[Opening DATA section]

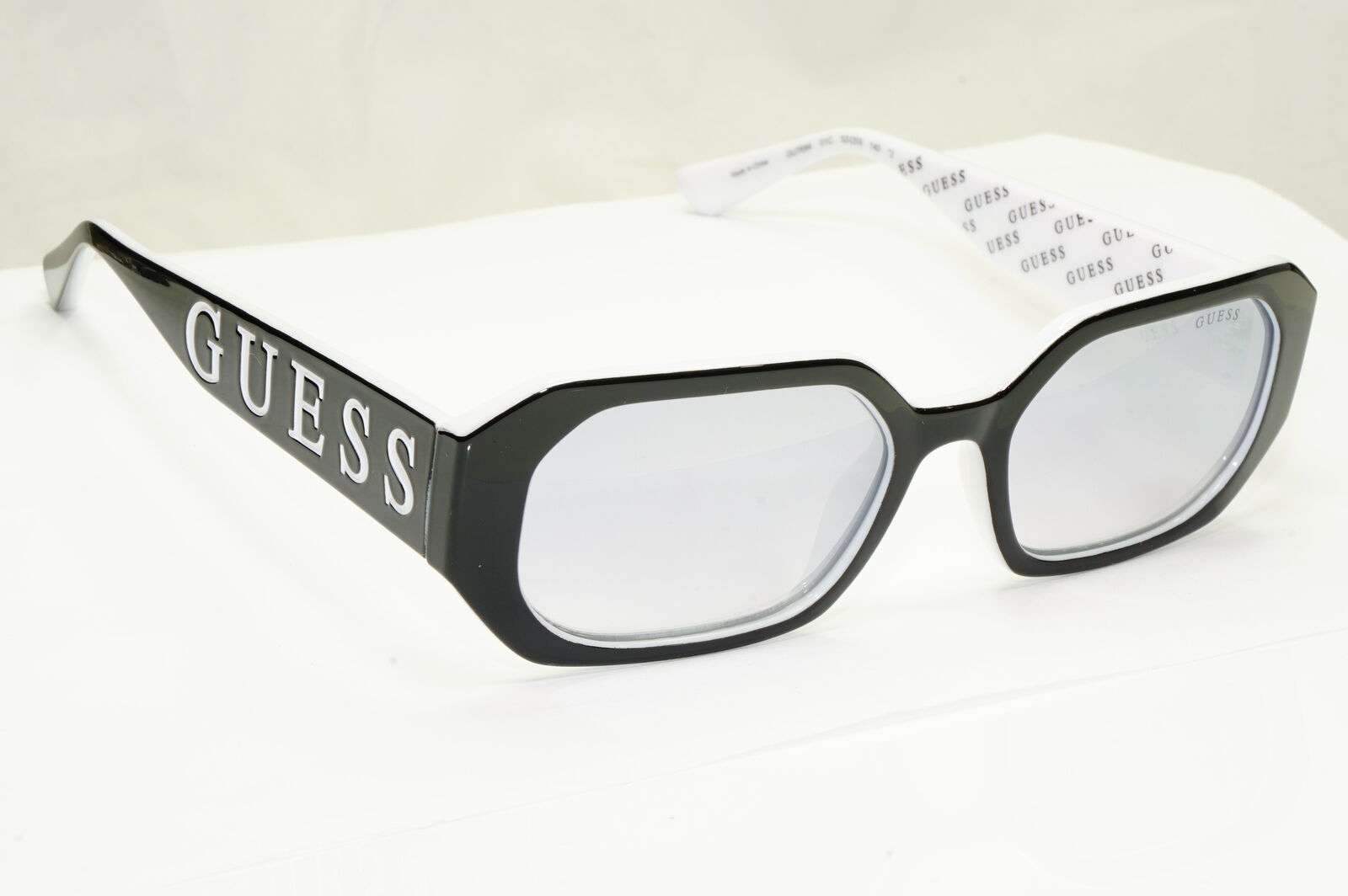 Authentic Guess Womens Black Silver Rectangle Big Logo Sunglasses GU 7694 01C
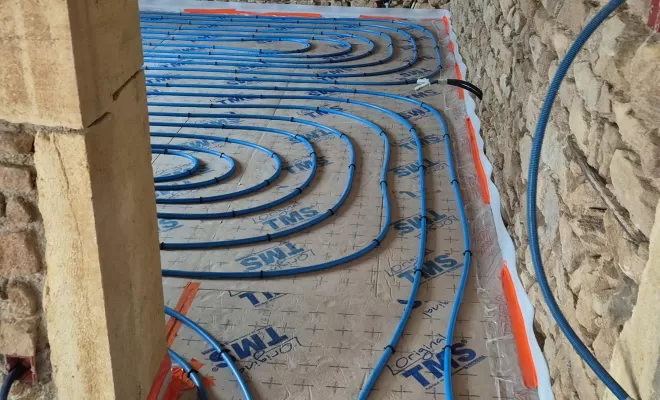 coolage d'une chape liquide anhydrite Thermi Max sur plancher chauffant par chape liquide masson, Roanne, Chape Liquide Masson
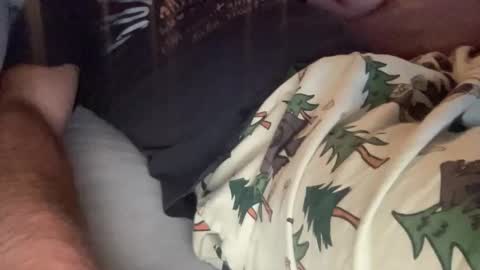 rungriff2323 online show from December 4, 2025, 4:33 am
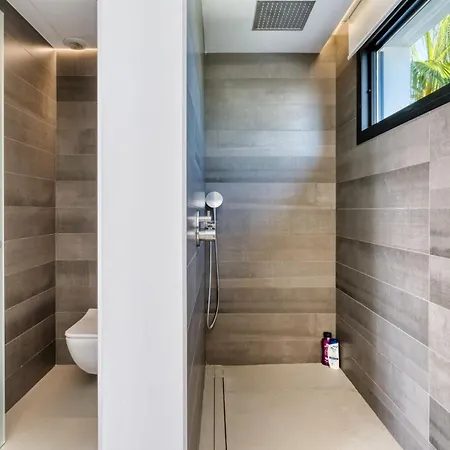 Modern Luxury In Flamingos Villa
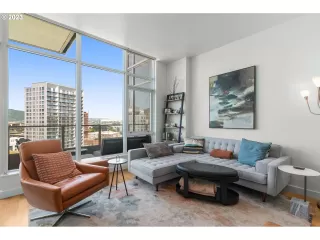 Photo #3: 24626538 Listing 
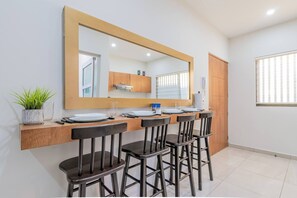 Dining - LOFT El Azul | Centro Historico | Cama King (Durango)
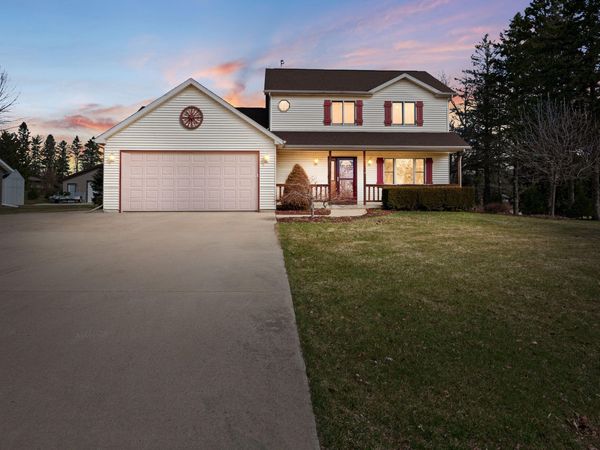 W1132 Hilltop Rd, Rubicon, WI 53078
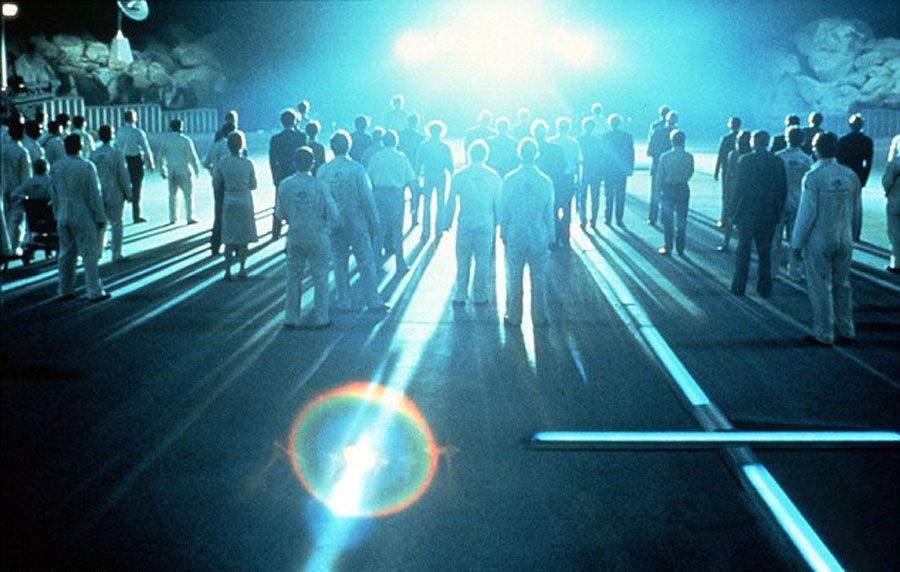 攝影師拍攝到的圖片看上去像科幻電影《第三類接觸》中外星人登陸地球的畫面。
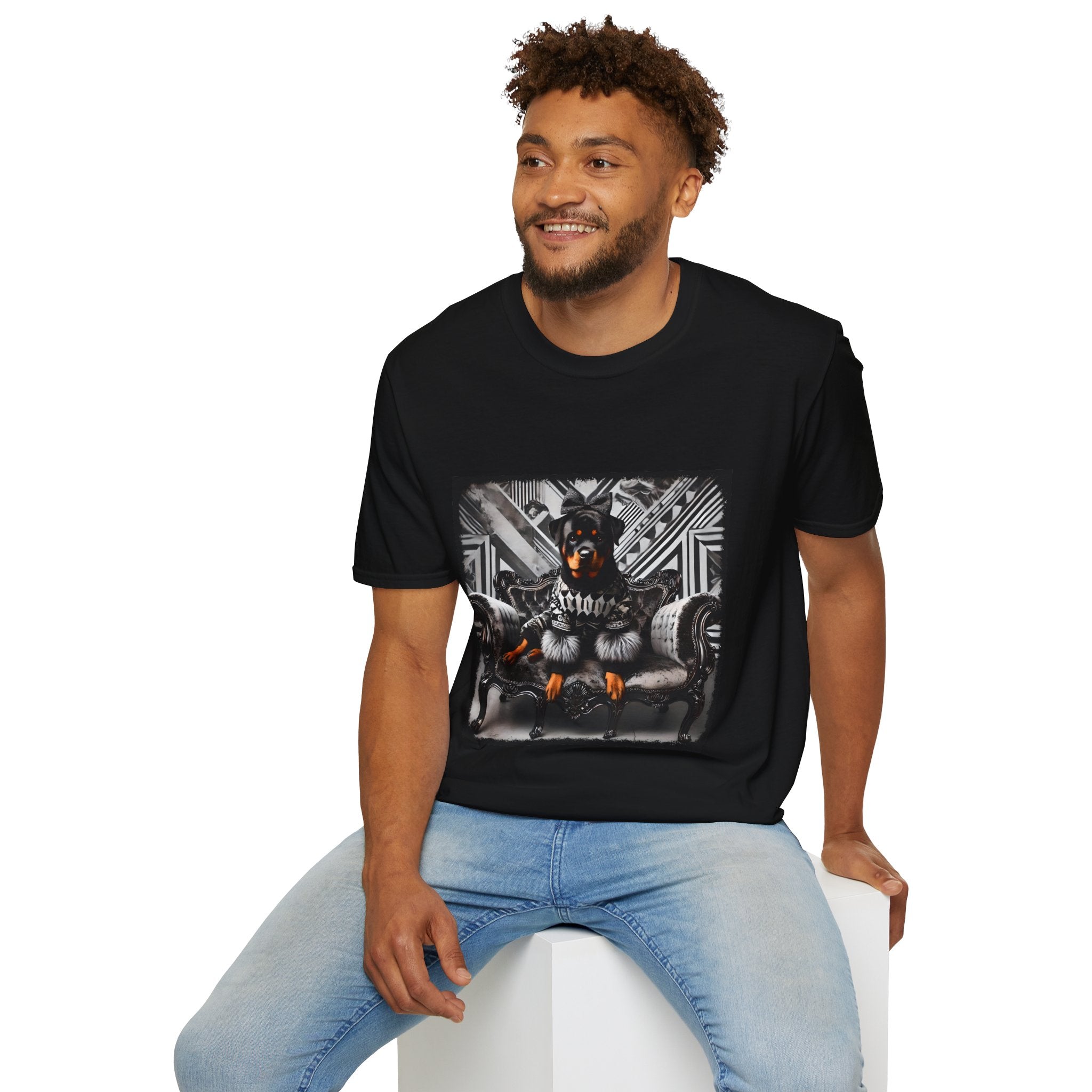 Rottweiler Modern Diva | Unisex Dog T-Shirt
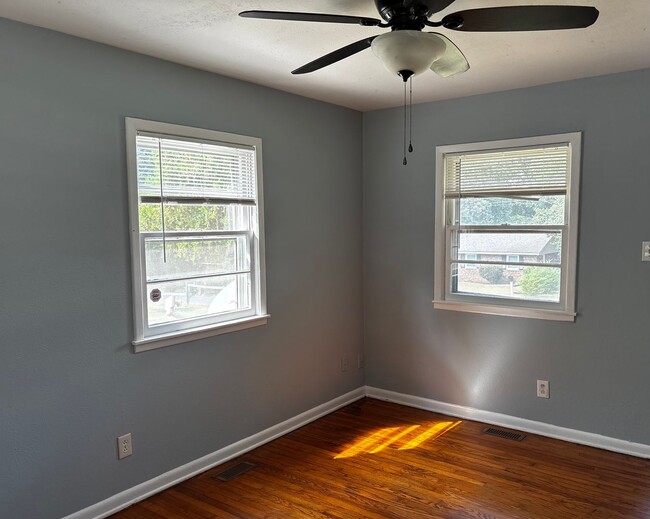 Photo - 3 BED 1.5 BATH IN HEART OF FAYETTEVILLE NC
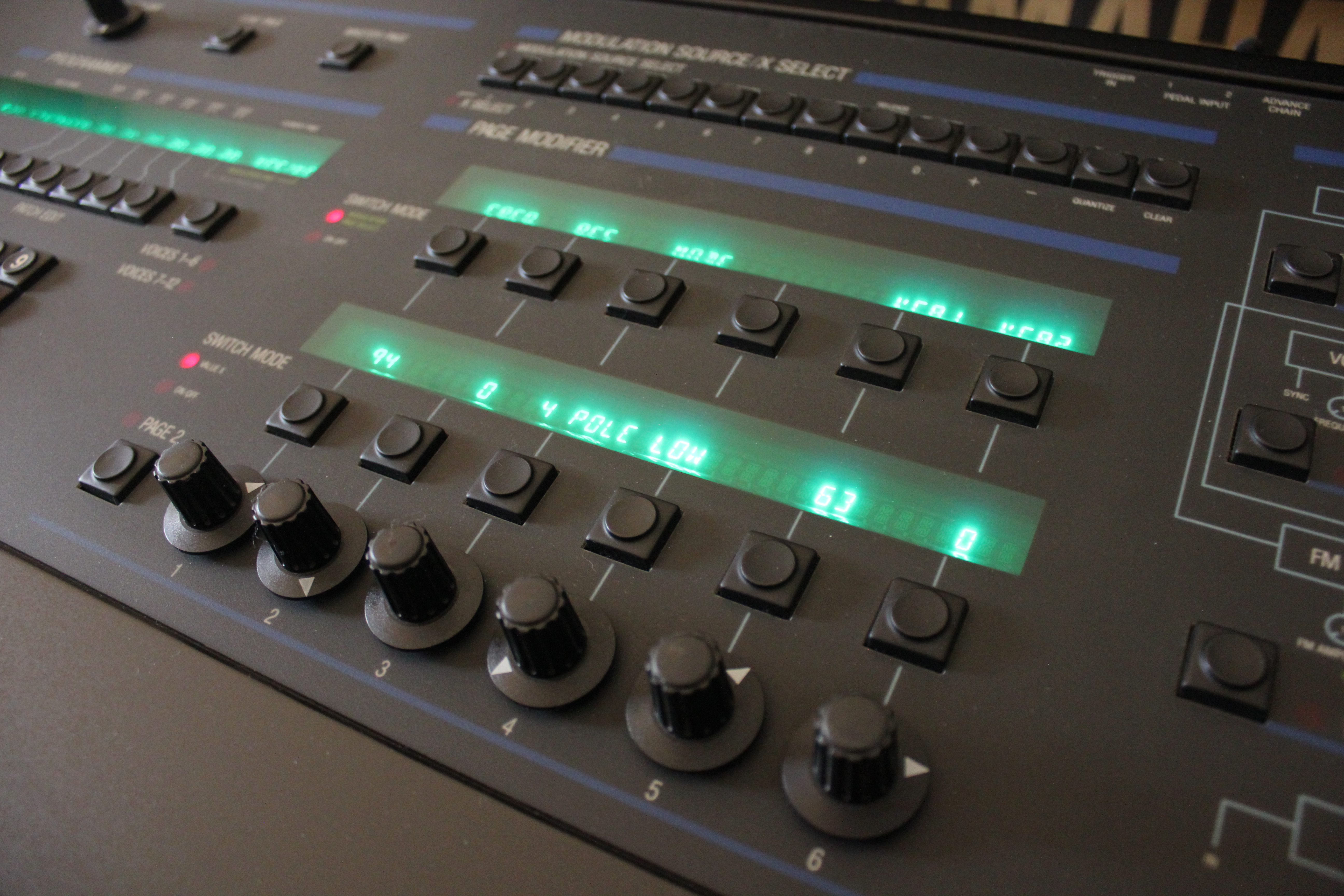 Oberheim Matrix 12 : 009.JPG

[Closing DATA section]

DIRECTIONS FOR THIS TASK: Would you copy out every entry above word for word, without the pictures?

RESPONSE BELOW:
 Authentic Guess Womens Black Silver Rectangle Big Logo Sunglasses GU 7694 01C
 coolage d'une chape liquide anhydrite Thermi Max sur plancher chauffant par chape liquide masson, Roanne, Chape Liquide Masson
 rungriff2323 online show from December 4, 2025, 4:33 am
 Modern Luxury In Flamingos Villa
 Photo #3: 24626538 Listing 
 Dining - LOFT El Azul | Centro Historico | Cama King (Durango)
 W1132 Hilltop Rd, Rubicon, WI 53078
 攝影師拍攝到的圖片看上去像科幻電影《第三類接觸》中外星人登陸地球的畫面。
 Rottweiler Modern Diva | Unisex Dog T-Shirt
 Photo - 3 BED 1.5 BATH IN HEART OF FAYETTEVILLE NC
 Oberheim Matrix 12 : 009.JPG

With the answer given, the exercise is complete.